アマカがあの男たちに襲われかけたのは知っているから。
「ごめんなさい…、こんなにまで酷くなっている事を知りませんでしたっ…、っ、すいません…、」
あの時、仕事を優先していた。…………、と、言いたいところだが、私は嘘をついている。最低だ、本当に最低でクズだ。

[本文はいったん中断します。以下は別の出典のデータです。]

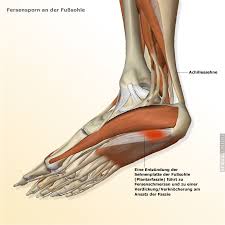Plantarfasziitis Schmerzen An Der Fusssohle Der Spiegel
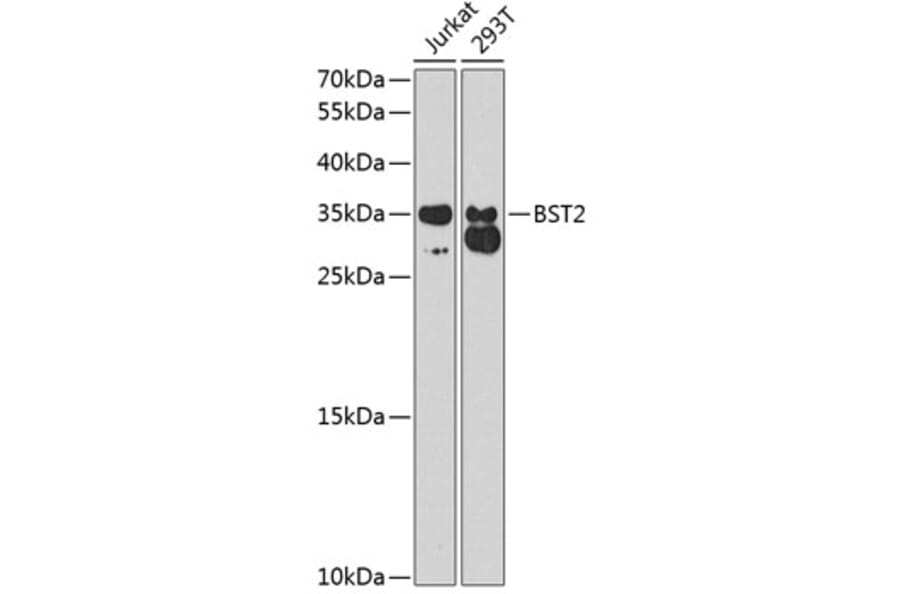Western Blot - Anti-BST2 / Tetherin Antibody (A8980) - Antibodies.com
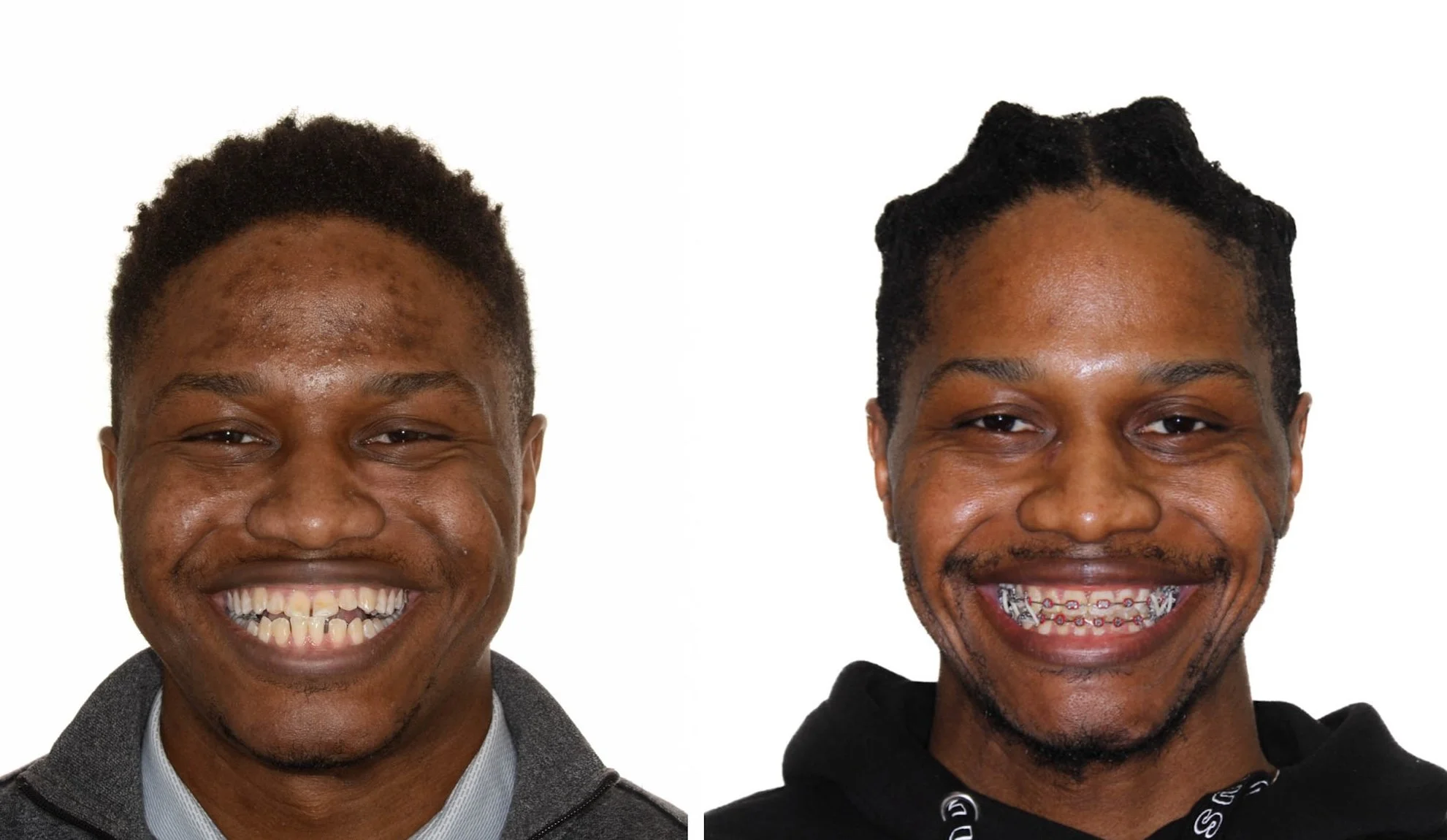 orthognathic-surgery-long-island.jpg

浜辺で眠るアマカを見つけた時、急いで駆け寄り安否を確認した。死んでいるんじゃないかと思ったからだ。
何度か呼びかけて、アマカが薄っすらと瞳を開けた時、
『________』
呟いた声と表情に酷く心が揺れたんだ。
「ごめんなさい…………、あなたはぱっと見本当に少年なのか少女なのかわからない……、男じゃないかもしれないとも思った、けど、カマをかけたらあなたは男だと否定しなかった………」
震えるアマカの細い腕を木に押し当てたまま、もうどうにでもなれと吐露する。
「私は最低ですよ、あの時あなたが男だとわかってなぜか酷く悲しくなって、あなたの側からはやく去りたくて、ろくに確認もせずに…………」
どんなに平和な国を目指しても、悪い者は居なくならない。
過信していたんだ。
顔の整った奴なら男でも女でも構わない輩がいるとは思ってもなかったんだ。
もしも、アマカに大量の魔力もなく、普通の子だったとしたら、あの日、襲われ、…………殺されていたかもしれないと、
「何度も夢に見ました……、」
積み上がった死体の中にアマカが加えられていたらと思うとゾッとする。
「ごめんなさいアマカ…、」
掴んでいた手を離しぎゅうと、一つ抱き締める。
小さい、震えている体は子供のようだ。
だんだんと喚きやわあわあという泣き声が減っていることに気がつく、抵抗もない。
「…………アマカ?」
離れて、顔を見ると酷く疲れた顔をしていた、そしてまだ涙を零している。
体の水分が全部出て行ってるんじゃないかと思うほどぼろぼろ溢れて、何を喚くでもなく小さく震え、諦めたように涙を零す。
その様子に、さっきよりもずっと…、
「おい、!!」
背後で息を切らす声と手を木に打ち付けたようなドンっという鈍い音がした。
「…………シン?!」
「ジャーファ、ル、やっと、見つけたぞ……」
「どうして…、」
木に腕をついて肩で息をする王がそこに居た。
汗を流し息を切らす姿に走ってきたのはわかる、だが、なんでだ。意味がわからず停止する。
「アマカ、は……」
「み、見つけました…、なんでここ…、いや違うな、なんでシンが追いかけて…」
「約束してたんだよ…、思い出して可愛い子達置いて走ってきちゃ、おえええ」
「ええええ、ちょっと大丈夫なんですかあんた!!」
思わず倒れかけたシンに駆け寄る。
「ウッ、酒飲んで走ってうう、きもぢわる」
「なんでここにきた阿保シン!!」
「ウッ約束をだな…、」
「いや、だから約束とは…」
すっ、と体をどかされる。
ふらふらとシンがアマカに近づいて目の前に膝をついて座り込む。すると小さな袋から粉?を取り出して手の平に乗せるとそれをアマカにふっと吹きかけた。
アマカが力無くぐだっとシンにもたれかかる。
「シン?!何を、」
「だから、約束だったんだよ、……ふぅ、ジャーファルお前戻っていいぞ、後は俺がみる」
「ど、どういう事ですか!!」
シンはそのままアマカを両腕に抱え立ち上がる。
こちらを向いた時、シンはやけに真剣な顔つきだった。
「…………、アマカに口止めされててな。まぁいずれジャーファルにも言うんじゃないか?」
「な、何を………」
本当にシンがそのままこの場を後にしようとして思わず駆け寄ってつかみかかる。
「説明を、」
「おい、離せ」
「っ!」
冷たく低い声。
「…………ジャーファル、クーフィーヤ向こうに落ちてたぞ、気づいてないだろ」
「えっ、」
ハッとして確かに無いのを確認する。
「ちょっと頭を冷やしてから戻ったらどうだ。お前酷い顔色だぞ」
そう言うとシンは振り向くことなくアマカを連れ、ゆっくり暗闇に去っていく。
「…………酷い顔色って、こんな暗闇で見えるわけが、……」
シンの後ろ姿が見えなくなり、立っていてもしょうがないとクーフィーヤを拾いに行く。
ふらふらと歩いていると側に小さく水の落ちる音がして、向かうと月の浮かぶ黒い水湖があった。
綺麗な水でそのまま顔を洗う。冷たくて気持ちのいい水が指の隙間を流れていった。
…………。
「…………ああなる程、これはひどい顔だ」
水に写る自分の表情は、誰にも見せたくないと思うような表情をしていた。
醜い、これに名前をつけるなら。